Дома веселье было в самом разгаре. Мне налили «штрафную», от которой я не отказалась, но больше не хотела ни есть, ни пить. Так и веселились все до самой ночи. Только по разному поводу.

На следующее утро, когда перемыли гору посуды и по моим расчетам отпевание должно было закончиться, я протянула матери квитанцию об оплате за требу и сказала:

— Вот, дядю Володю отпели, можете не волноваться…

— Ты смотри… — удивилась она, глянув в квитанцию. — А меня Маша просила, я пошла в церковь, а там справку о смерти требуют. Все никак Маше не позвоню, чтобы принесла. А у тебя что там — блат?

— Блат… — согласилась я.

— Хорошо, а то когда бы она еще справку принесла… Так бы и забылось.

Вот уже более полутора десятков лет я поминаю дядю Володю на литургиях и панихидах, веря в то, что Господь принимает бескровные жертвы от любящего сердца.

Эта история, может, и не важная для других, мне лично дала очень многое в понимании христианства. Теперь опытно знаю, что Бог всегда смотрит не на то, за что можно наказать умершего, а на то, за что можно его помиловать.

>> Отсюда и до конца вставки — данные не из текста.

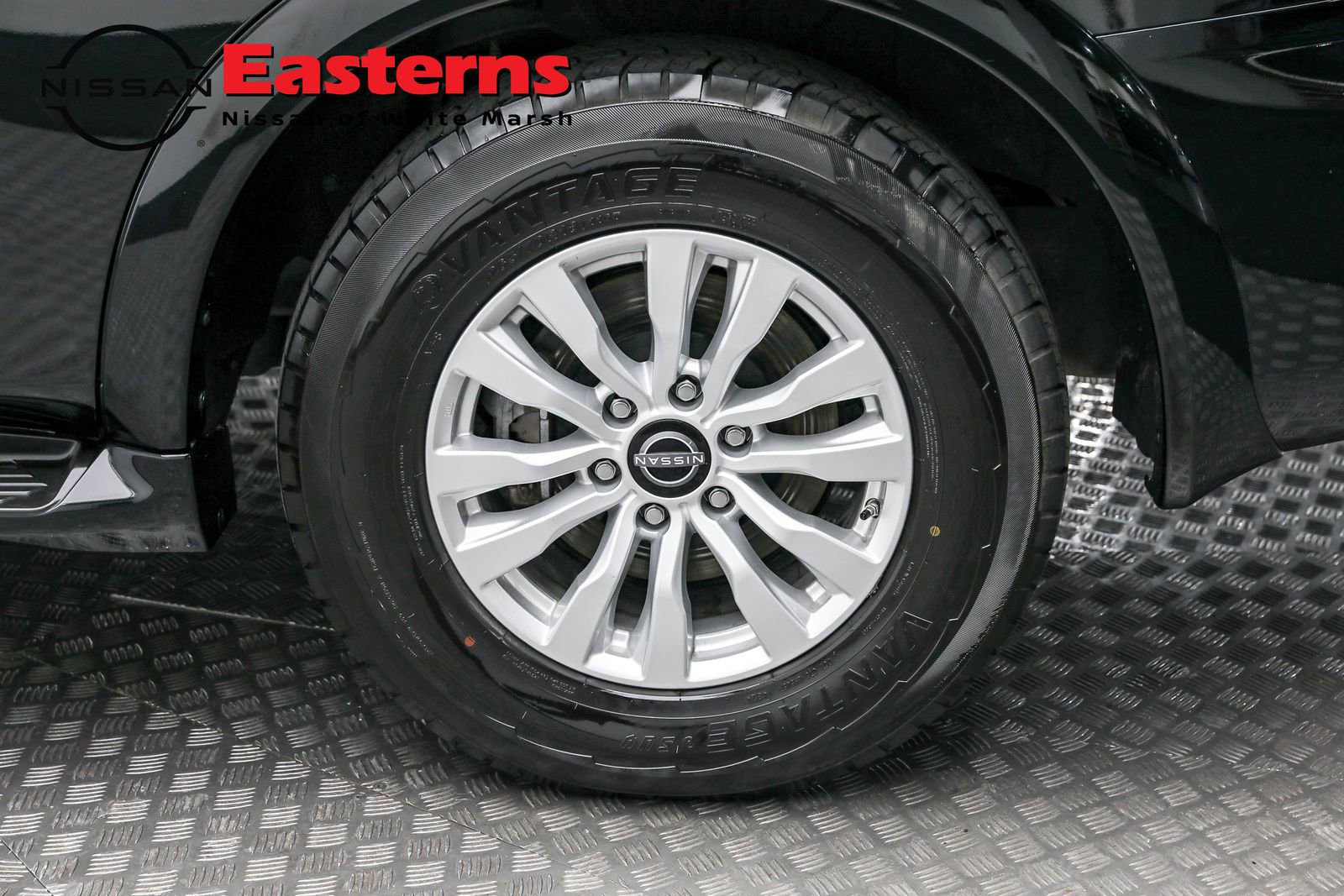 Used 2024 Nissan Armada SV RWD image 8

Об этом, как кажется, прекрасно сказал наш современник, Патриарх Кирилл: «…Тайна человеческой души известна только Богу. Мы не знаем, что в последние моменты жизни переживал неверующий человек — какие мысли и какие чувства. Но даже если он не переживал никаких религиозных мыслей и никаких чувств, то, будучи крещеным, он оставался членом Церкви. Плохим членом Церкви? Так тем более Церковь должна помолиться о нем, чтобы Господь простил грехи и любовью Своей покрыл отсутствие веры, неизвестно по каким причинам и обстоятельствам существовавшее в жизни этого человека. Вот почему Церковь никогда не спрашивает у родственников: «А ходил ли почивший в храм? Постился ли он? Исполнял ли он какие-то другие предписания?» Церковь спрашивает только об одном: это был человек крещеный или некрещеный? И если он был крещеным, то Церковь торжественно провожает его в путь всея земли, с надеждой на милость Божию». [21 — «Слово пастыря», эфир 5 ноября 2011 года.]